Classical cadherins are the principle adhesive proteins at cohesive intercellular junctions and are essential proteins for morphogenesis and tissue homeostasis39. P-cadherin is a calcium dependent cell–cell adhesion glycoprotein, which has a crucial role in the conservation of the structural integrity of epithelial tissues. Like other members of the cadherin family, P-cadherin (CDH3) regulates several cellular homeostatic processes that participate in embryonic development and maintain adult tissue architecture, being important for cell differentiation, cell shape, cell polarity, growth, and migration40. It is worth noting that DIO2 and IGFL2 also play an important role in growth and development. These three genes play a major role in development, regeneration, morphogenesis and so on. This highlights the prominent role of tissue formation and development in the pathogenesis of fibrosis.
Interleukin (IL)-13 has been shown to play a role in several inflammatory and fibrotic diseases41. IL-13 modulates its effector functions via a complex receptor system that includes the IL-4 receptor (R) α, IL-13Rα1, and the IL-13Rα2. IL-13Rα1 binds IL-13 with low affinity, yet, when it forms a complex with IL-4α, it binds with much higher affinity, inducing the effector functions of IL-13. IL-13Rα2 binds IL-13 with high affinity but has a short cytoplasmic tail and has been shown to act as a nonsignaling decoy receptor. Transfection of fibroblasts and epithelial cells with IL-13Rα2 inhibited the IL-13 induction of soluble collagen, TGF-β, and CCL17. Adenoviral overexpression of IL-13Rα2 in the lung reduced bleomycin-induced fibrosis41.
Heparan sulfate (HS) proteoglycan is a glycosaminoglycan widely distributed on the surface of animal cells and extracellular matrix, and regulates cell growth, differentiation, adhesion, and migration by interacting with various ligands complement. Compared with normal lung, IPF lung showed significantly increased HS6-O-sulfuration and HS6-O-sulftransferase 1 and 2 (HS6ST1/2) mRNA overexpression. Immunohistochemistry showed that HS6ST2 was specifically expressed in bronchial epithelial cells, including IPF lung honeycomb cyst lining cells42. Both IL13RA2 and HS6ST2 highlight the importance of ligand receptor interactions, highlighting that cell–cell interactions in the microenvironment may be a major cause of fibrosis progression.
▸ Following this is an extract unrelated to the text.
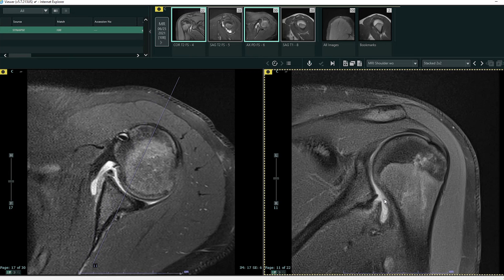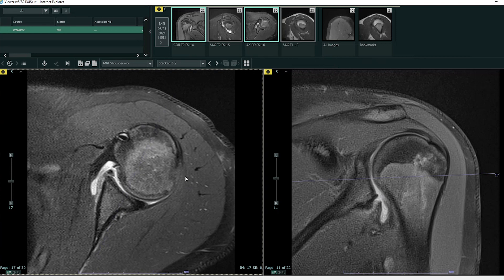What happens with these patients is, especially when they're younger, they're very prone to dislocate again if this is not surgically repaired. This patient will have to have their capsule repaired and will need surgery, unfortunately. This is the time of year where we see a lot of these injuries, and it's something we're very comfortable diagnosing. Hopefully you get an appreciation for what we're looking for and just how well we can see this type of injury.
ADAMTS14 gene encodes a member of the ADAMTS (a disintegrin and metalloproteinase with thrombospondin motif) protein family. As reported by previously studies, the ADAMTS14 gene was discovered to play critical roles in the progress of inflammation and the immune system, through a crosstalk of the TGF-β pathways and mesenchymal cells43. ADAMTS14 gene polymorphism was associated with knee osteoarthritis44 or the osteoarthritis of the temporomandibular joint in Chinese Han women45. But so far, no studies have been able to clarify ADAMTS14's role in pulmonary fibrosis. Like HS6ST2, ADAMTS14 is also mainly present in extracellular matrix, which may suggest that the composition or structure of extracellular matrix is also an important pathological factor that should not be ignored in pulmonary fibrosis.
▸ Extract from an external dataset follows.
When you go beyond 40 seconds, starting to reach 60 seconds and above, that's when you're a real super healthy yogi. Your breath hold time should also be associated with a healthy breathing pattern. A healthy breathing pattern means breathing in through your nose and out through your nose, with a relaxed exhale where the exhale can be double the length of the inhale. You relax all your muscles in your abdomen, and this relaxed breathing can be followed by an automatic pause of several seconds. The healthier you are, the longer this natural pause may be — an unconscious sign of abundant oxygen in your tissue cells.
This model has made significant progress compared to other models in previous studies37. This progress is primarily reflected in the use of fewer feature variables, the validation of the model using a large-scale dataset, and its strong predictive performance. There still are some limitations in this study, the sample sizes of the cohorts are still relatively big enoughwhich may not be sufficient to represent the overall population precisely and could affect the generalizability of diagnostic model. Additionally, this diagnostic model is based on preliminary findings and short of the sound experimental verification to support its reliability. As such, given these limitations, this diagnostic model requires further investigation to determine whether it can be used in clinical decision-making.
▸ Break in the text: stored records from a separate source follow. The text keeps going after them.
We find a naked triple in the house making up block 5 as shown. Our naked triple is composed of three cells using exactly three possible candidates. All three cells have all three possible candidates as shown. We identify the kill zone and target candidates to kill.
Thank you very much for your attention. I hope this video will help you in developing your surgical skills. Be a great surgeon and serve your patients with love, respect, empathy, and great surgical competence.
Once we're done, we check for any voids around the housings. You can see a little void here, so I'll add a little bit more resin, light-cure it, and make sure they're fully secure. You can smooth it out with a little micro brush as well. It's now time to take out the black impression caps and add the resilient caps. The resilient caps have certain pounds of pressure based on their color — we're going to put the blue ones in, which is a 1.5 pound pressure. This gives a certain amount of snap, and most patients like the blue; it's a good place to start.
In conclusion, we constructed an artificial neural network model that demonstrated robust performance across multiple cohorts. We assessed the relationship between each gene of the model and demographic variables. The majority of the genes showed no association with age or gender, but all presented close correlation with clinical features. CDH3, ADAMTS14 and DIO2 were found to be related to prognosis. These results are useful to prioritize targeting these indicators for diagnosis and drug development in future.
Supplementary Information
Author contributions
G.Y., L.W. designed the research work, Z.L., S.W. and H.Z. performed the statistical analysis and manuscript preparation, Y.P., H.Y. managed the clinical information and revising it critically for intellectual content, M.Z., R.W. are responsible for investigating and resolving data integrity and image display content accuracy. All authors have read and approved the final version of the manuscript.
Funding
The work was supported by a Startup package (GY), Henan Normal University, the 111 Project “State Innovation Base for Pulmonary Fibrosis”, the Ministry of Science and Technology, PR China, 2019YFE0119500, and Henan Province Science and Technology Project, 212102310894.
Data availability
The datasets generated and analysed during the current study are available in the GEO repository, [https://www.ncbi.nlm.nih.gov/geo/].
Competing interests
The authors declare no competing interests.
Footnotes
Publisher's note
Springer Nature remains neutral with regard to jurisdictional claims in published maps and institutional affiliations.
Contributor Information
Guoying Yu, Email: guoyingyu@htu.edu.cn.
Lan Wang, Email: wanglan@htu.edu.cn.
Supplementary Information
The online version contains supplementary material available at 10.1038/s41598-023-28536-w.
References
- 1.Xia Y, Lei C, Yang D, Luo H. Construction and validation of a bronchoalveolar lavage cell-associated gene signature for prognosis prediction in idiopathic pulmonary fibrosis. Int. Immunopharmacol. 2021;92:107369. doi: 10.1016/j.intimp.2021.107369. [DOI] [PubMed] [Google Scholar]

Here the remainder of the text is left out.